Dollars burn: the causes that made the blue and the financiers shoot

Dollars burn: the causes that made the blue and the financiers shoot

In the case of blue, the price rose from $209.50 to $219 in the last week. Therefore, the spread with the official rose to 109.9%, a record since November 2020.

Meanwhile, on the stock market, the “liquid counted” dollar (CCL), -operated with the AL30 bond, one of the most liquid in the domestic market-, jumped from $206.04 to $218.82, leading to the gap also close to 110%. Likewise, the prices of the CCL evaluated with other assets (such as the GD30 bond, ADRs, or Cedears), reached around $224 this Friday.

In the case of the MEP, the price went from $202.46 to $212.74, an unprecedented value so far in nominal terms.

The demand for pesos falls

“This rise in the blue dollar seems logical to me, given the amount of pesos that has been issued during December. As soon as the demand for money begins to fall a little, the blue begins to rise,” financial analyst Christian Buteler told this medium. .

“The advance of the parallel can be stopped if the MEP dollar falls. Otherwise, it seems to me that we are going to have a summer with a rise in the blue dollar a little above what we have had in recent summers,” he said.

A report by Quinquela Fondos indicated that the Monetary Base grew 20.5% between November and January to date, a rate that doubles that observed a year ago.

The entity dedicated to the administration of Common Investment Funds affirmed that in recent days a greater surplus of money in circulation has been verified, compared to the needs of pesos to carry out transactions (which are usually higher in December).

“Part of the increase in the gap in recent weeks can be explained by the increase in the quantity of pesos and, given exchange controls, their channeling towards financial dollar operations,” Quinquela said.

Tension with the IMF

The differences between the Government and the IMF regarding the fiscal path that Argentina must follow within the framework of an agreement that changes the conditions of the current debt that the country has with the organization are already public knowledge.

The Minister of Economy, Martín Guzmán, remarked this Friday in an interview with the French media Le Figaro that there is still no consensus on the combinations of expenses and income to reduce the deficit.

“We don’t want to penalize demand when the economy is recovering,” the official said, after stressing that this debt is “the main brake on the Argentine economy.”

In this sense, Juan Pablo Albornoz, Ecolatina economist, expressed that the lack of definitions on the agreement “does not allow to anchor expectations and dispel doubts of a disorderly exchange rate event”, although he considers “that there are still tools to avoid it”.

For his part, the chief economist of Econviews, Andrés Borenstein, projected that “a relaxation of the price of the blue dollar will depend a lot on whether the agreement with the IMF is finally advanced, and on whether the BCRA depreciates a little faster the official dollar, with which there will be room to decompress somewhat the “stocks of the stocks” (to financial dollars).

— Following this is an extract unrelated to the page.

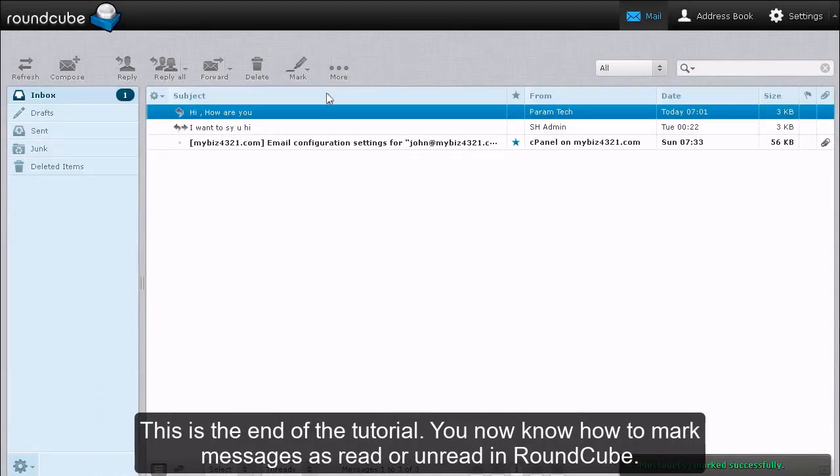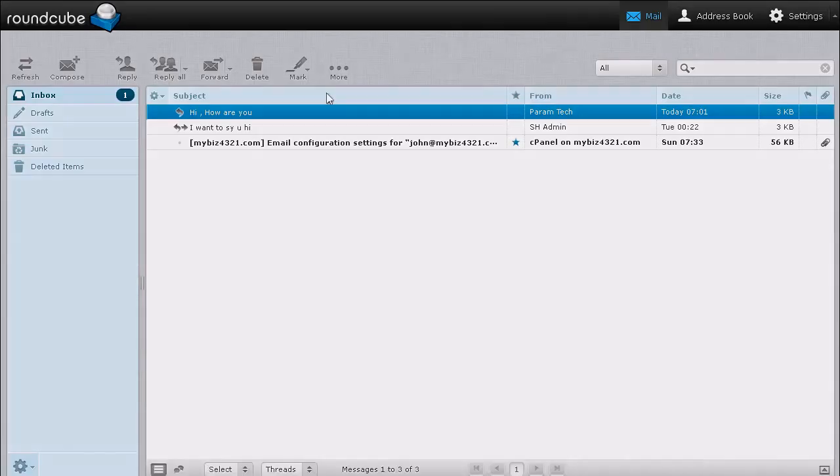This is the end of the tutorial. You now know how to mark messages as read or unread in RoundCube.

Does it achieve acceleration of the crawling peg and increase in rates?

In the midst of negotiations with the Fund, the BCRA slightly raised monetary policy rates, which are now above 45% per year in effective terms.

At the same time, the rate of adjustment of the official exchange rate accelerated, which is on track to rise more than 2% per month in January, something that has not happened since March 2021.

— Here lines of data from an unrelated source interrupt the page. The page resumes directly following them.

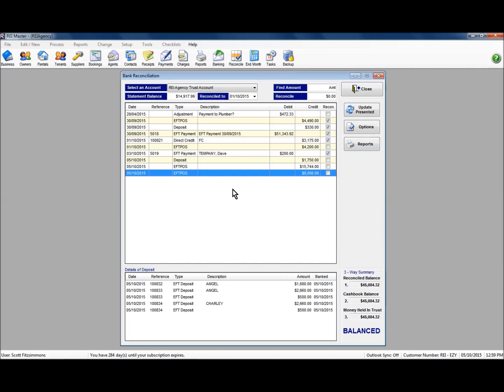In this video we've looked at the banking steps in REI Master. We've looked at banking cash and credit card monies separately. We've then looked at the banking records created in the bank reconciliation screen, and how we can separate a receipt from a banking record or move receipts between banking records.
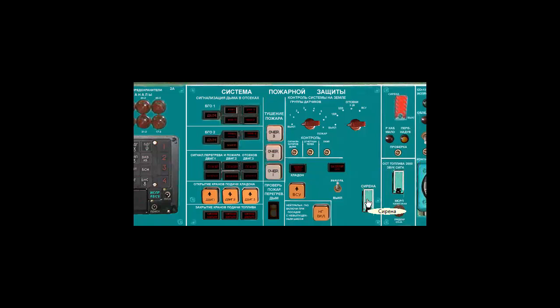This switch over here, sirena, is used to silence the fire system warning alert in case it gives you a headache.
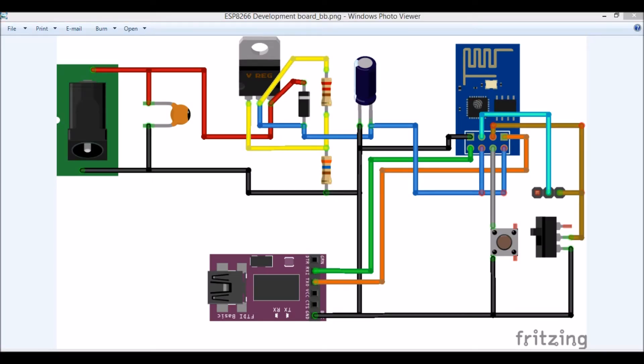Hello guys, in this tutorial we will learn how to use our ESP8266 Wi-Fi module using AT commands.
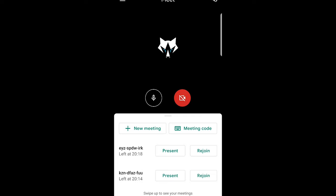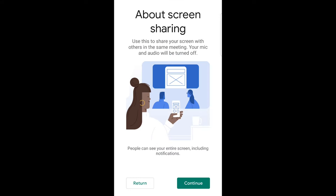Once you click present, you will see 'About screen sharing.' Use this to share your screen with others in the same meeting. Your mic and audio will be turned off. Click on continue.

However, taking into account that inflation in December was close to 4% and that it is not expected to fall significantly in the short term, the corrections do not seem to be enough to reduce savers’ search for currency hedging.

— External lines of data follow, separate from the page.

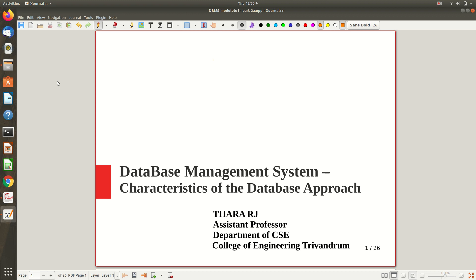Welcome to a new video lecture on database management systems. Here we will discuss the characteristics of the database approach. In the previous two parts we saw an introduction to DBMS and built the basic terminology — what is data, database, and database management system. Now it's time to explore more.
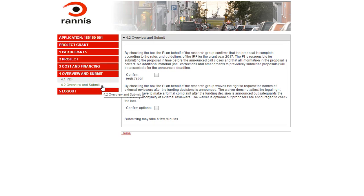In Section 4.2, this will show a list of items not completed. If all sections have been completed, as is the case in this example, you will be prompted to submit the application. You will be asked to confirm that the proposal is complete before you submit, and submitting may take a few minutes.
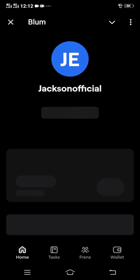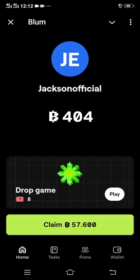Wait for it to load — it is still loading. Now we are on the platform.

“The recent rise in the interest rate seems insufficient in view of the current level of inflation. And the rate of depreciation that is between 2.3% and 2.5% per month in recent days also looks low to stabilize the real exchange rate. In short, under these levels of inflation, the path chosen to balance prices, rates and the exchange rate looks insufficient. Higher levels of nominality could be required, with the risks that this implies,” they said from Quinquela.